--- START ---

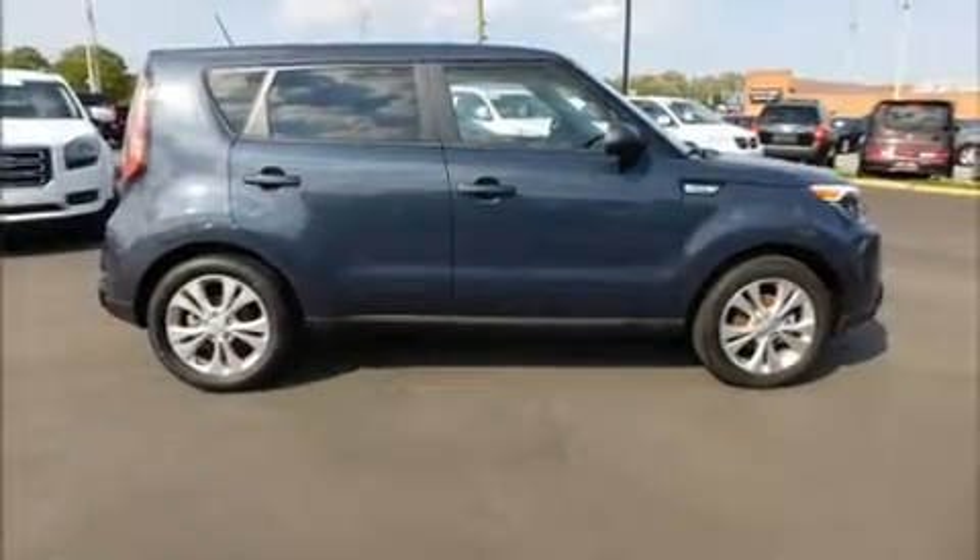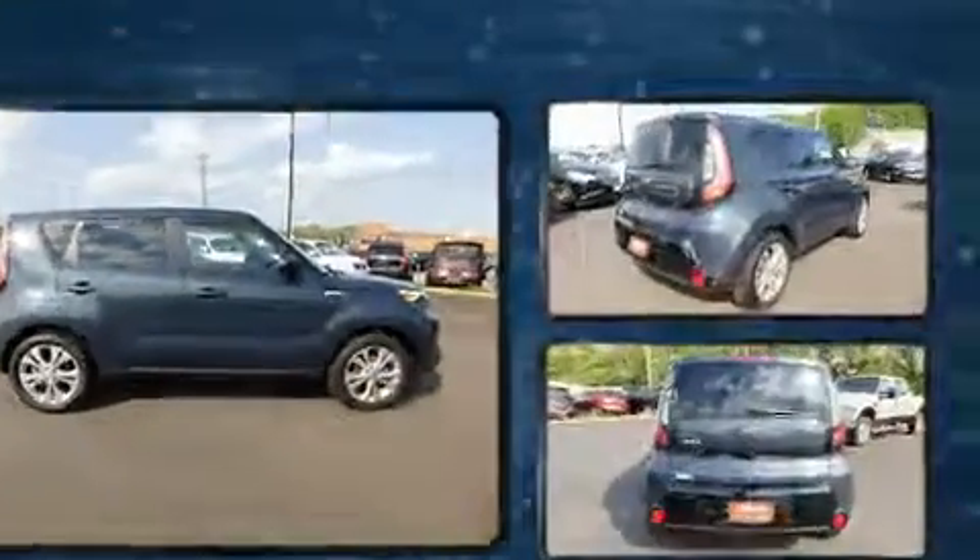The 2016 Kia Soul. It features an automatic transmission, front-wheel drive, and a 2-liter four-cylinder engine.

--- END ---
--- START ---

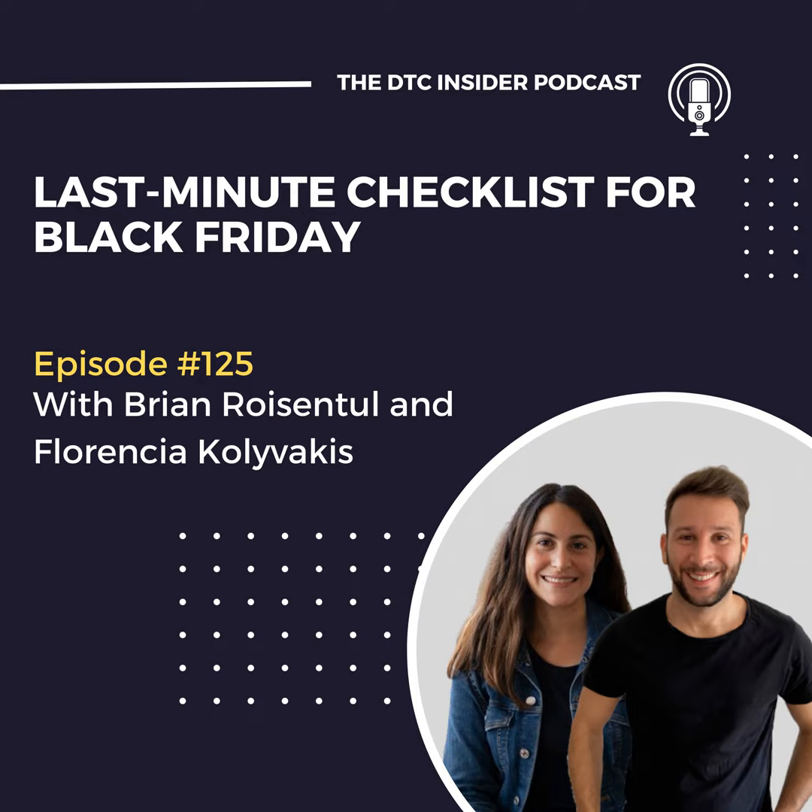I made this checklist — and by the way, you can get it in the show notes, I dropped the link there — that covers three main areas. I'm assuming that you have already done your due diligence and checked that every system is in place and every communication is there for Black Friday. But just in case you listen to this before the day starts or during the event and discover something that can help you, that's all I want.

--- END ---
--- START ---

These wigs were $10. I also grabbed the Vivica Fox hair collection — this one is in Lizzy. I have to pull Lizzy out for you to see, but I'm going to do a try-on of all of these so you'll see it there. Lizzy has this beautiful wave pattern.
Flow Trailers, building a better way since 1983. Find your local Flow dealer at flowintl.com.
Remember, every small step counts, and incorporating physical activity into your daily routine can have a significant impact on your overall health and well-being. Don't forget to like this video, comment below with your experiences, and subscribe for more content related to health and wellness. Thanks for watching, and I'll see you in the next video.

--- END ---

Problem to solve> Look back at the entries above. Retype the line with "Flow Trailers, building", the line with "Remember, every small", and all lines in between.

Response area>
Flow Trailers, building a better way since 1983. Find your local Flow dealer at flowintl.com.
Remember, every small step counts, and incorporating physical activity into your daily routine can have a significant impact on your overall health and well-being. Don't forget to like this video, comment below with your experiences, and subscribe for more content related to health and wellness. Thanks for watching, and I'll see you in the next video.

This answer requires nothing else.